Referring to FIG. 3, the functional beam length 1 is defined as that beam length over which the width of the inner beams 202A, 204A, 206A and 208A, and outer beams 202B, 204B, 206B and 208B remain of uniform, or substantially constant width. The beam width is referenced to the medial inner beam width, Wi and the medial outer beam width, Wo, although it will be appreciated that since the beam width is substantially constant over the functional beam length 1, the beam width could be measured relative to any point along the functional beam length 1. The spring rates of the inner arcuate beams and the outer arcuate beams are rendered essential the same by adjusting the beam widths, wherein the medial outer beam width, Wo is greater than the medial inner beam width, Wi. The inner arcuate beams 202A, 204A, 206A and 208A and the outer arcuate beams 202B, 204B, 206B and 208B have preferably a circular shape as shown in FIG. 3. The inner arcuate beams 202A, 204A, 206A and 208A have a first mean radius, or dimension, Ri and the outer arcuate beams 202B, 204B, 206B and 208B have a second mean radius, or dimension, Ro.
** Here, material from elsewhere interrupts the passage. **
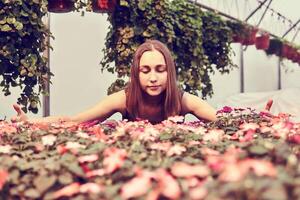 mujer en vestir entre ornamental plantas en un invernadero foto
While the inner and outer arcuate beams are described as having preferably a circular shape, it will be appreciated that an oval or ellipsoidal shape can be utilized as well, wherein the dimension, or locus of points of the inner arcuate beams 202A, 204A, 206A and 208A is less than the outer arcuate beams 202B, 204B. Also while the juxtaposed planar compound beams 202, 204, 206 and 208 are shown as being formed from two independent concentric arcuate beams, it will be appreciated that additional concentric arcuate beams can be provided to increase the spring force of each juxtaposed planar compound beam 202, 204 and 206, 208.
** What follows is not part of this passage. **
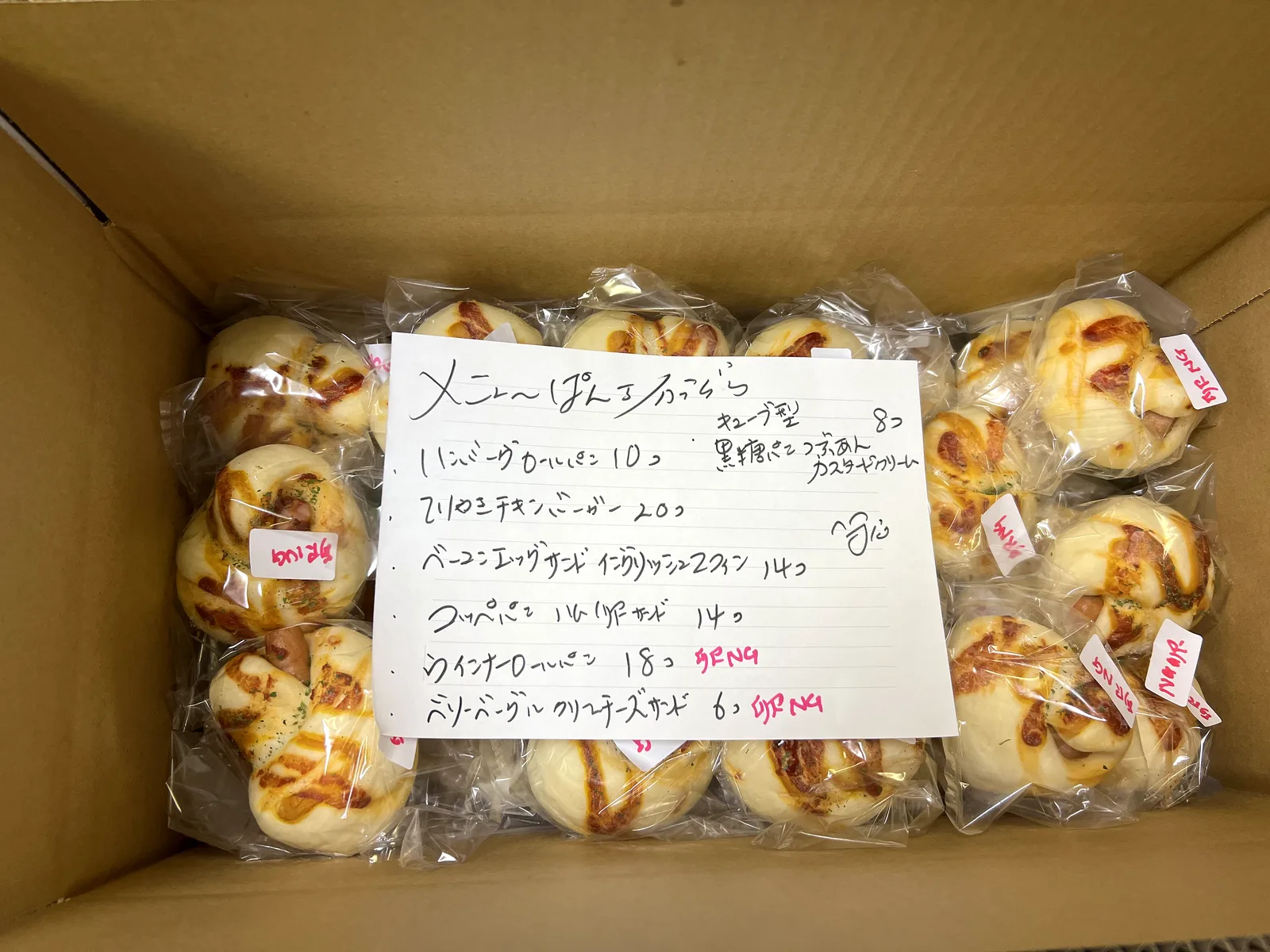 段ボールに詰めた個包装のパンと手書きのメニュー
Returning to FIG. 2, the juxtaposed planar compound beams 202, 204 and 206, 208 are connected to the planar central region 210 and to the planar perimeter regions 212, 214 by filleted regions, or fillets 216 and 218 which have a radius which is greater than the medial width of the outer beams 202B, 204B, 206B or 208B. The fillets 216, 218 significantly reduce the stress generated at the connection of the juxtaposed planar compound beams 202, 204 and 206, 208 to the planar central region 210 and to the planar perimeter region 212, 214. By way of example, for an armature 12 having a resonant frequency of 90 Hz, the inner arcuate beams 202A, 204A, 206A and 208A have a medial width of 0.004 inches (0.10 mm) whereas the outer arcuate beams 202B, 204B, 206B or 208B have a medial width of 0.005 inches (0.13 mm). The fillet 216, 218 radius is 0.010 inches (0.25 mm).
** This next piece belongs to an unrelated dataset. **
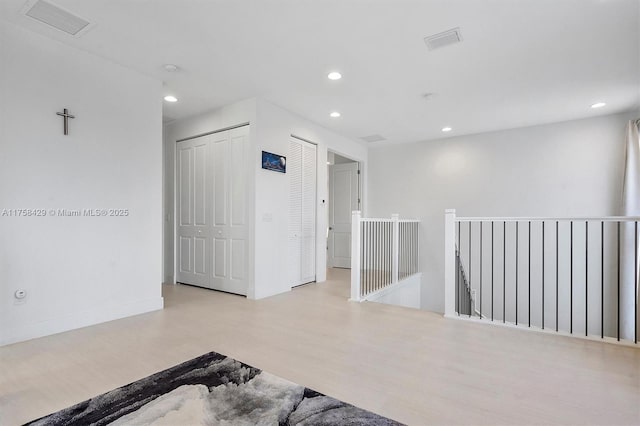 empty room with baseboards, wood finished floors, visible vents, and recessed lighting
The planar central region 210 includes two mounting holes 220 which are utilized to fasten a magnetic motional mass 18, to be described below, to the upper non-linear suspension member 14 and a lower nonlinear suspension member 16. The planar perimeter regions 212, 214 also include mounting holes 222 which are used to fasten the upper nonlinear suspension member 14 and a lower non-linear suspension member 16 to a support frame 24. The non-linear spring members 14, 16 are preferably formed from a sheet metal, such as 0.0040 inch (0.10 mm) thick Sandvik™7C27Mo2 Stainless Steel produced by Sandvik Steel Company, Sandviken, Sweden, which is preferably formed using a chemical milling or etching process, although it will be appreciated that other part forming processes can be utilized as well.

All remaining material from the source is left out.